*** Data for processing Section Begins ***
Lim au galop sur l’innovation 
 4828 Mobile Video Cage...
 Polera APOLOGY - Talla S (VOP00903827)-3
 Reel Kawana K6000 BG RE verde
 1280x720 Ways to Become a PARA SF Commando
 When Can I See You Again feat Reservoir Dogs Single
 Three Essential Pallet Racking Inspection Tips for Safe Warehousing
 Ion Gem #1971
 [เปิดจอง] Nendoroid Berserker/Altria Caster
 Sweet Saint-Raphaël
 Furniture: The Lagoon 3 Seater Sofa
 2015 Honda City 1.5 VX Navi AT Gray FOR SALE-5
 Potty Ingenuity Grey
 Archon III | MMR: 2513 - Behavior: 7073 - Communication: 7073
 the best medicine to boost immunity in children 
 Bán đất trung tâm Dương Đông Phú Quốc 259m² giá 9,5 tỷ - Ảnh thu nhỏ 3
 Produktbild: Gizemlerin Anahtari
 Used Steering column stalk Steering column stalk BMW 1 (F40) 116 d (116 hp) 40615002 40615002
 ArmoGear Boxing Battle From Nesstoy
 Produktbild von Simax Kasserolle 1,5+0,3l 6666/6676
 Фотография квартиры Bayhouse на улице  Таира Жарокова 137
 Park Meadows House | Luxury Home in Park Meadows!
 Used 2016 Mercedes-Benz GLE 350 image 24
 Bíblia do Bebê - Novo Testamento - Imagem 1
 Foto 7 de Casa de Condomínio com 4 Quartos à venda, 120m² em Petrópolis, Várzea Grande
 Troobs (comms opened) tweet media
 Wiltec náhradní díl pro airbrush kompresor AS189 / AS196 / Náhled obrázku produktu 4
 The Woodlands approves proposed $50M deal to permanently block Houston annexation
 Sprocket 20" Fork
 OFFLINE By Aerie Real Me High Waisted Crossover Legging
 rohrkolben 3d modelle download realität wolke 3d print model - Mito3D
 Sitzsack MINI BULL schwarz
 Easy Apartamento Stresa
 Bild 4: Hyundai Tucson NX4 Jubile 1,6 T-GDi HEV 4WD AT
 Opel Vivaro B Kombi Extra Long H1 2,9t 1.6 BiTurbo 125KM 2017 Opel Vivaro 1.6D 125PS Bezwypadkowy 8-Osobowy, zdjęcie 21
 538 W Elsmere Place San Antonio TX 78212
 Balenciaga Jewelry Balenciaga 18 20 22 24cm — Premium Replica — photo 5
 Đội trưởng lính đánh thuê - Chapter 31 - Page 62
*** Data for processing Section Ends ***
Each line, beginning at the one that contains "Produktbild von Simax" and continuing through the end of the records, must be written out exactly, first and last included.

 Produktbild von Simax Kasserolle 1,5+0,3l 6666/6676
 Фотография квартиры Bayhouse на улице  Таира Жарокова 137
 Park Meadows House | Luxury Home in Park Meadows!
 Used 2016 Mercedes-Benz GLE 350 image 24
 Bíblia do Bebê - Novo Testamento - Imagem 1
 Foto 7 de Casa de Condomínio com 4 Quartos à venda, 120m² em Petrópolis, Várzea Grande
 Troobs (comms opened) tweet media
 Wiltec náhradní díl pro airbrush kompresor AS189 / AS196 / Náhled obrázku produktu 4
 The Woodlands approves proposed $50M deal to permanently block Houston annexation
 Sprocket 20" Fork
 OFFLINE By Aerie Real Me High Waisted Crossover Legging
 rohrkolben 3d modelle download realität wolke 3d print model - Mito3D
 Sitzsack MINI BULL schwarz
 Easy Apartamento Stresa
 Bild 4: Hyundai Tucson NX4 Jubile 1,6 T-GDi HEV 4WD AT
 Opel Vivaro B Kombi Extra Long H1 2,9t 1.6 BiTurbo 125KM 2017 Opel Vivaro 1.6D 125PS Bezwypadkowy 8-Osobowy, zdjęcie 21
 538 W Elsmere Place San Antonio TX 78212
 Balenciaga Jewelry Balenciaga 18 20 22 24cm — Premium Replica — photo 5
 Đội trưởng lính đánh thuê - Chapter 31 - Page 62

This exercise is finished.